The question of origins bothered ancients as much as it bothers moderns today. The difference is that ancients had no science and written history from which to relate to their contemporaries. So they did the next best thing. They applied their imaginations. The descriptions below give a sense of the kind of pagan beliefs from which the biblical writers drew.

Astrology

Traditional guesses place Eden in the Mesopotamia region, but where the Bible locates Eden to the east in Gen. 2:8, that suggests a constellation. The heavens always come from the east.

As we pass through the autumn equinox into winter, the constellations Virgo the celestial Virgin, Bootes the Herdsman and Draco the serpent appear across the sky. There is also the constellation of Ophiuchus nearby, as a serpent wrapped around the waste of a human figure.

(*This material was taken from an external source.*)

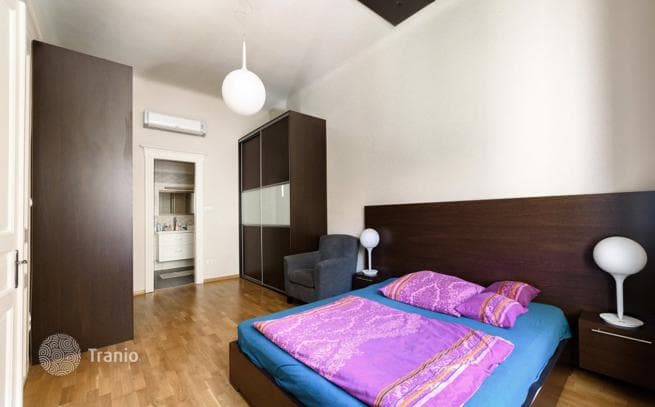 3-комнатная квартира 111 м² в Районе XIII, Венгрия, фото 5
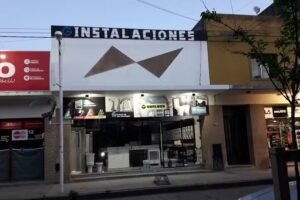 Instalaciones GALMES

The Virgin holds in her hand  a branch of fruit, symbolizing Autumn, which she seems to offer to the Herdsman. When the Virgin and the Herdsman fall beneath the horizon, Perseus rises on the other side with a sword in his hand, seeming to drive them from the summer heaven.

The term, The Fall of Man occurs astrologically as the fall of the sun, when it descends past the halfway point towards its lowest point on the horizon during the winter months. The Christian theology of crucifixion draws from the same seasonal event, when astrologers described the sun as being crucified as it crosses the halfway point towards descent.

As a side note, each branch of the Christian cross symbolizes a season. The top: the shortest day of the winter solstice. The bottom: the longest day of the summer solstice. The two equal arms: the two equal days of the fall and spring equinox. This is not a coincidence.

Sumerian Paradise Myth

The Sumerian Eden was located in Dilmun, modern day Bahrain. Eden contained the Tigris and Euphrates rivers associated with Sumeria. The word Eden was derived from an old Babylonian name for Mesopotamia, Gan-Eden, the garden of the Middle East. Because those great two rivers watered the rich plains between them, the word Mesopotamia means between the waters.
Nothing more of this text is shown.